> [Action item]:
Copy each line below word for word and drop every image.

(Scraped caption text data)
##########

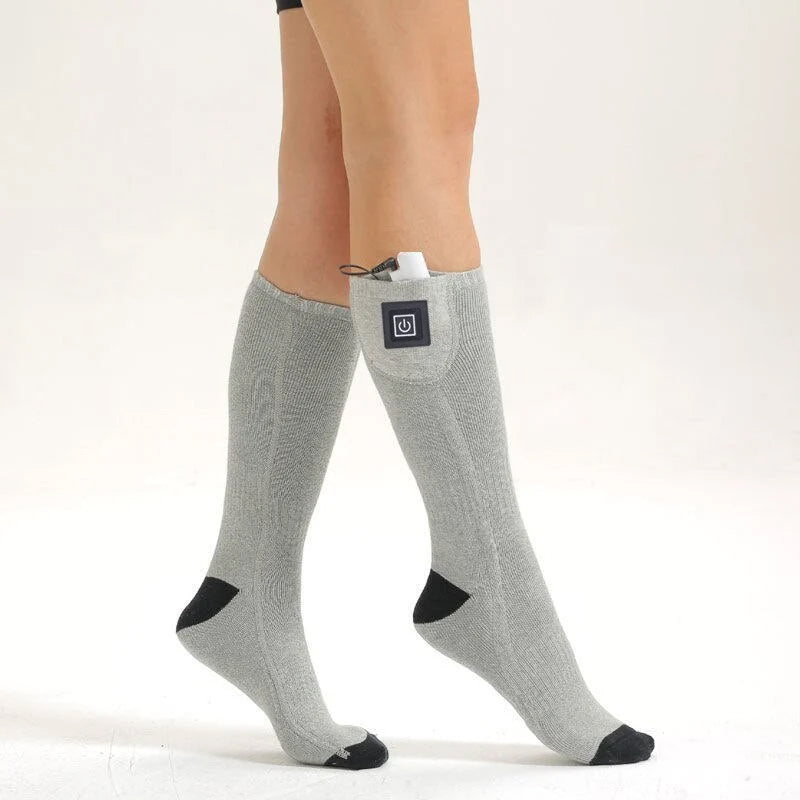 Heated Socks with Adjustable Temperature Control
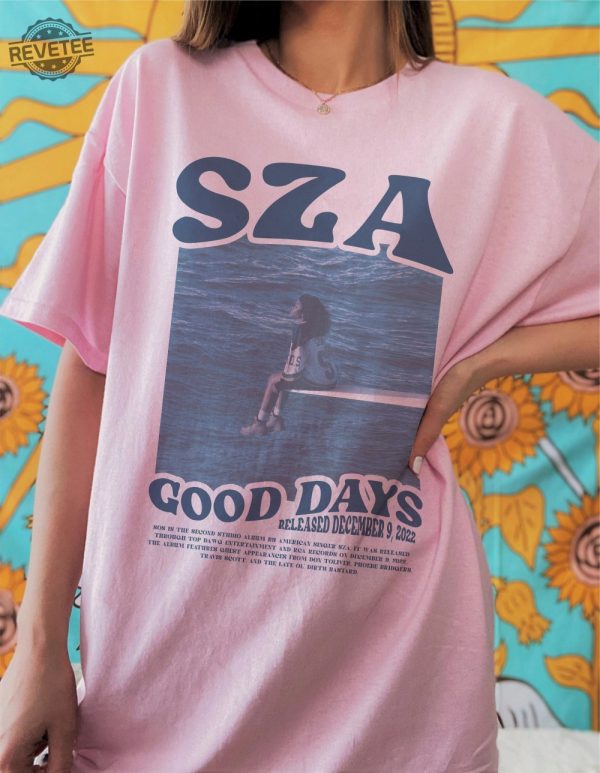 Vintage Sza Shirt Sza Merch Sza Good Days Graphic Tee Sza Saturn Unique revetee 5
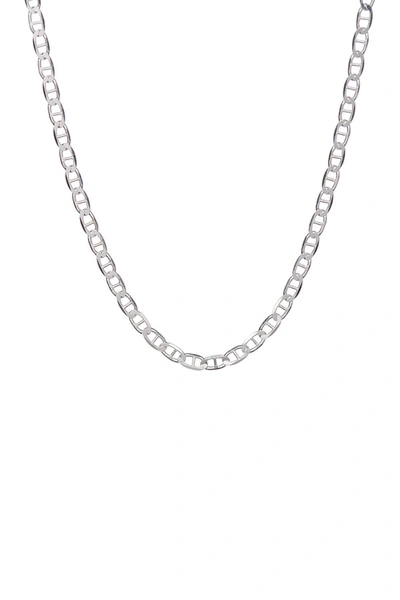 Best Silver Inc. Best Silver Sterling Silver 050 Gauge Mariner Chain 20" In Silver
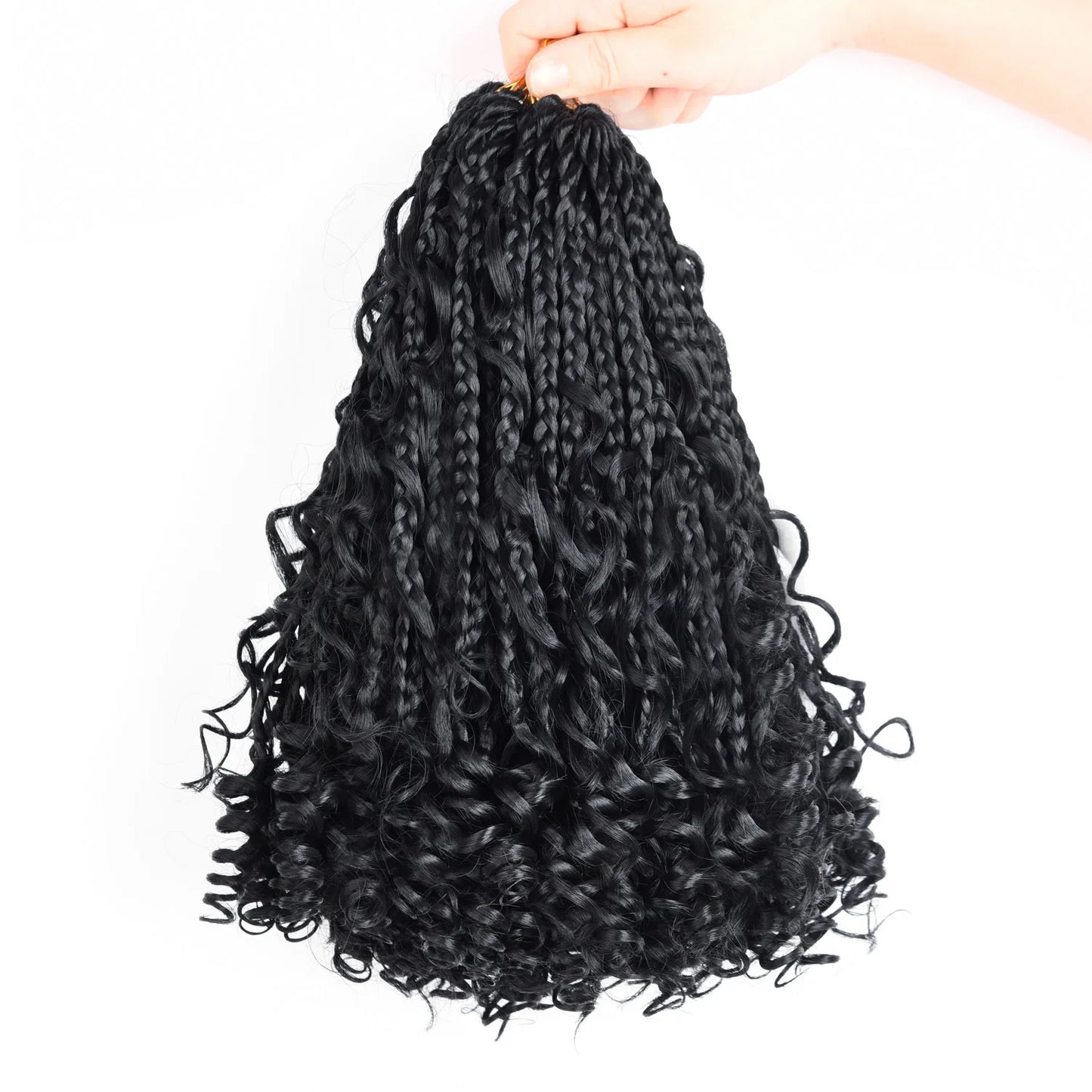 10 Inch Bob Goddess Box Braids Crochet Synthetic Hair 1Pcs/Lot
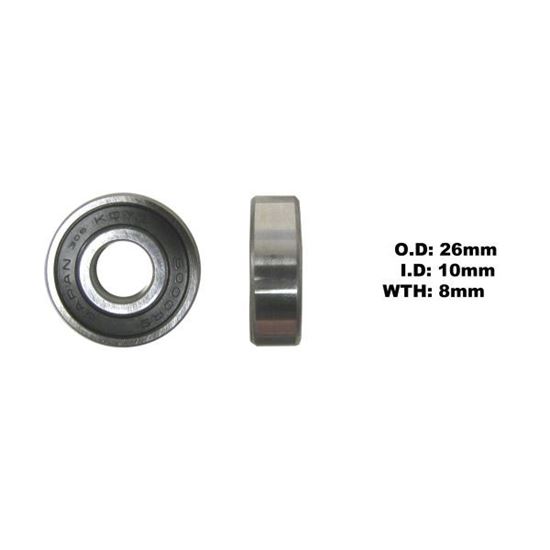 Picture of Wheel Bearing Rear R/H for 1996 Suzuki JR 50 T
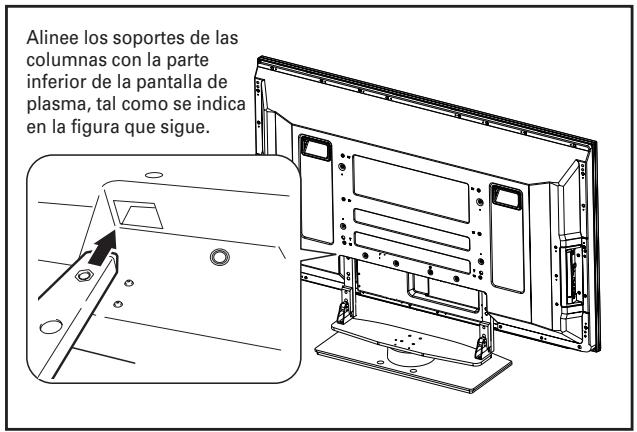 PIONEER PDK-TS25(B) - Montaje de la pantalla de plasma en el soporte. - 1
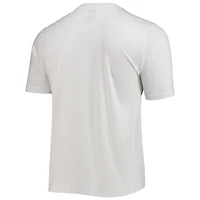 Men's Ahead White Farmers Insurance Open Pembroke Dress T-Shirt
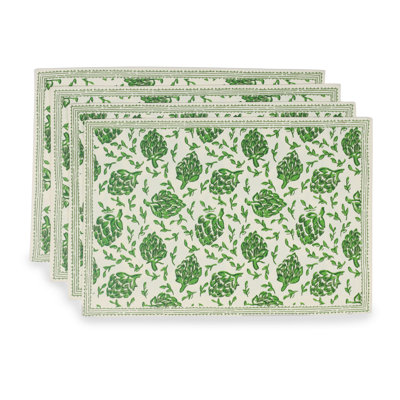 Napperon vert en coton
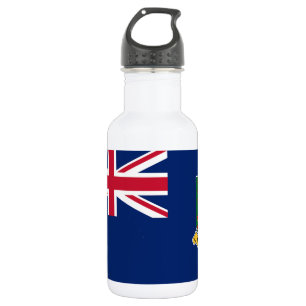Flagge der Britischen Jungferninseln Edelstahlflasche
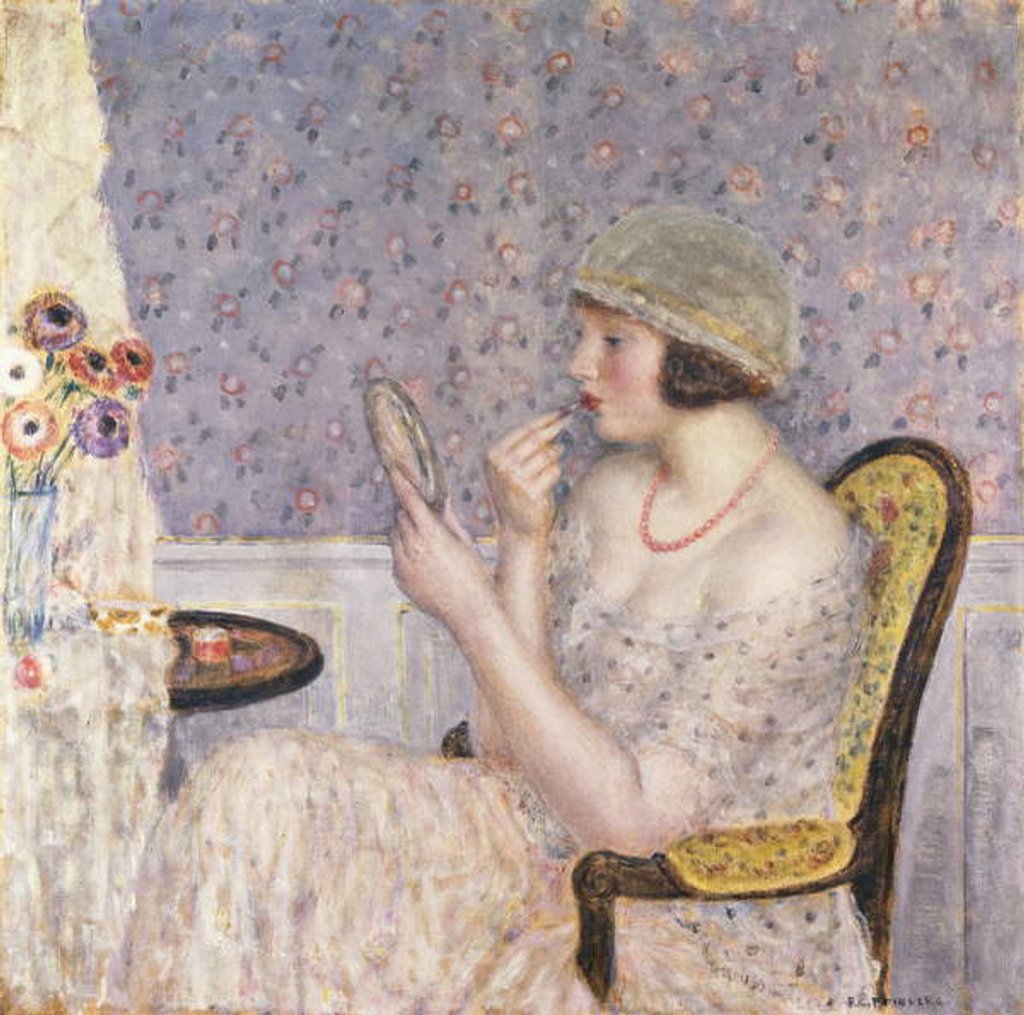 Detail of Woman at a Dressing Table, by Frederick Carl Frieseke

##########

> [Finished exercise]:
 Heated Socks with Adjustable Temperature Control
 Vintage Sza Shirt Sza Merch Sza Good Days Graphic Tee Sza Saturn Unique revetee 5
 Best Silver Inc. Best Silver Sterling Silver 050 Gauge Mariner Chain 20" In Silver
 10 Inch Bob Goddess Box Braids Crochet Synthetic Hair 1Pcs/Lot
 Picture of Wheel Bearing Rear R/H for 1996 Suzuki JR 50 T
 PIONEER PDK-TS25(B) - Montaje de la pantalla de plasma en el soporte. - 1
 Men's Ahead White Farmers Insurance Open Pembroke Dress T-Shirt
 Napperon vert en coton
Flagge der Britischen Jungferninseln Edelstahlflasche
 Detail of Woman at a Dressing Table, by Frederick Carl Frieseke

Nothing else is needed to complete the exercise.